Kaggle has published a report on the State of Machine Learning and Data Science for 2020. The report is based on survey responses from over two thousand users currently employed as data scientists.
The report and underlying survey were described on Kaggle’s website. Kaggle opened the 35-question survey for 3.5 weeks in October 2020 and collected over 20 thousand responses. The Enterprise Executive Summary Report focuses on the 13% of respondents who identified their job title as “data scientist.” The report identifies several key results about data scientist demographics as well as popular data science and machine learning technologies. As with the three previous annual surveys, Kaggle has also released the anonymized response data. According to Kaggle,
In our fourth year running this survey, we were once again awed by the global, diverse, and dynamic nature of the data science and machine learning industry.
The report contains graphs and analysis of several attributes of the survey respondents, including: respondent profile, education, and experience; employment and work environment; and technologies and platforms. The report notes that the “vast majority” of data scientists are under 35 years of age, two-thirds have a graduate degree, and most have less than 10 years coding experience. Around 55% have less than 3 years of experience with machine learning.
The survey contained several questions about technology choices; these questions allowed multiple answers, with the result that the percentages for a given question can total over 100%. The most popular IDE for data scientists was Jupyter, used by 74% of respondents; second place was Visual Studio, used by 43%, up from 30% last year. Both PyCharm and RStudio were used by about 30% of respondents. In response to questions about frameworks and libraries, over 80% reported using scikit-learn, and around 50% used Google’s deep-learning framework TensorFlow. PyTorch, another popular deep-learning framework developed by Facebook, was used by 31%, up from 26% in 2019.

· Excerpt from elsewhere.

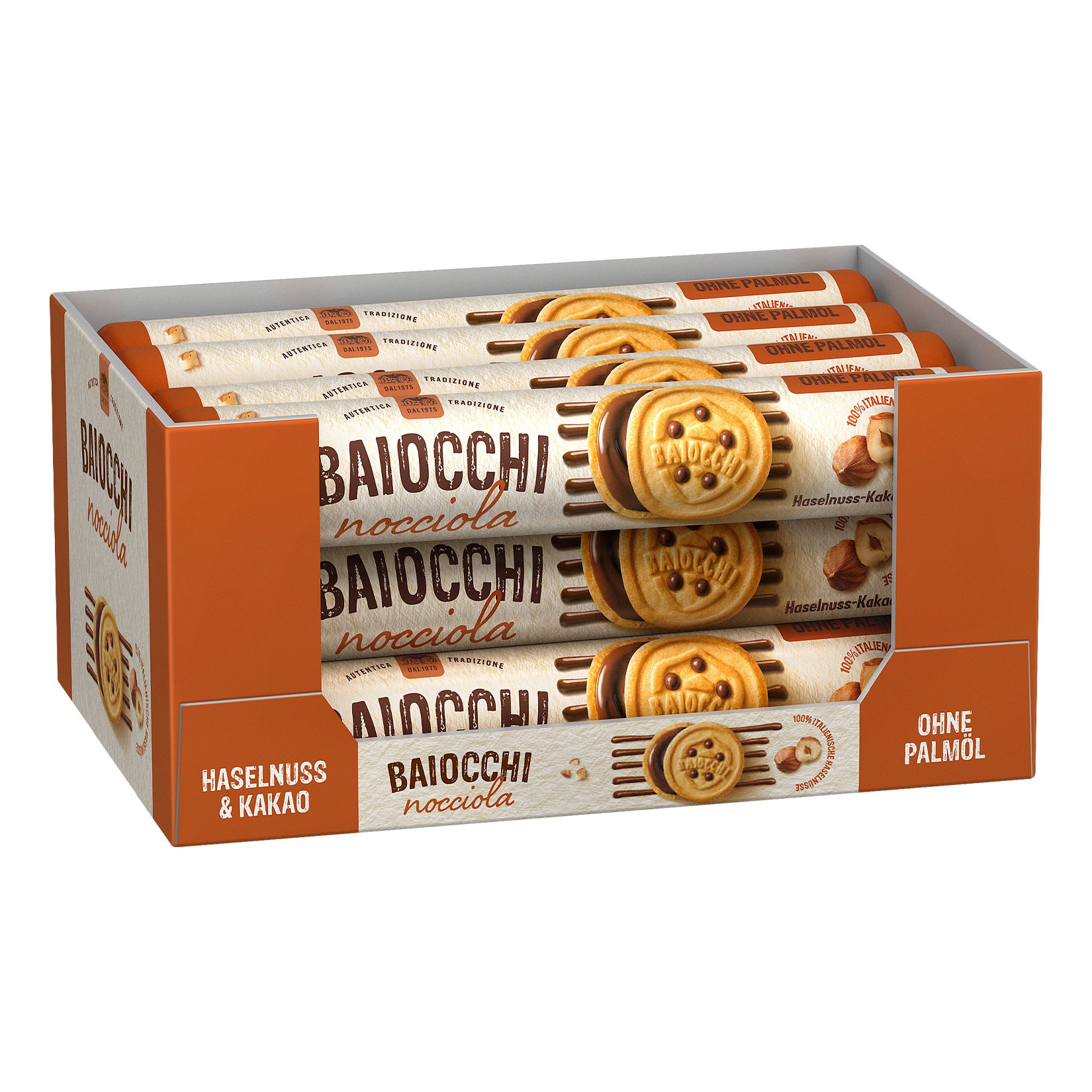 Baiocchi Nocciola 168g, 12er Pack - Bild 1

The most popular machine learning algorithm was linear regression, used by over 80% of data scientists, with decision tree and gradient-boost algorithms a close second- and third- place, respectively. Various neural network architectures were reported separately, with 43% using a convolutional neural network (CNN), 30% a recurrent neural network (RNN), and 15% a Transformer neural network.
Most data scientists reported using a public cloud provider, led by Amazon Web Services (AWS) at nearly 50%. About one-third reported using Google Cloud Platform (GCP), and 29% used Microsoft Azure. Basic compute infrastructure was the most common service used, with Amazon EC2 used by 40%. Function-as-a-service was also a popular choice, with 21% using AWS Lambda, with the GCP and Azure at 12% and 9% respectively. Container services had slightly less adoption, with AWS again being the leader at 14%. Just over 17% were not using any cloud platform, down from 25% a year ago. One twitter user noted that:
[This] is most likely to indicate the entire market of cloud computing applications is not saturated yet.
Kaggle’s survey response raw data is available for download from their site, along with the results from previous years’ surveys.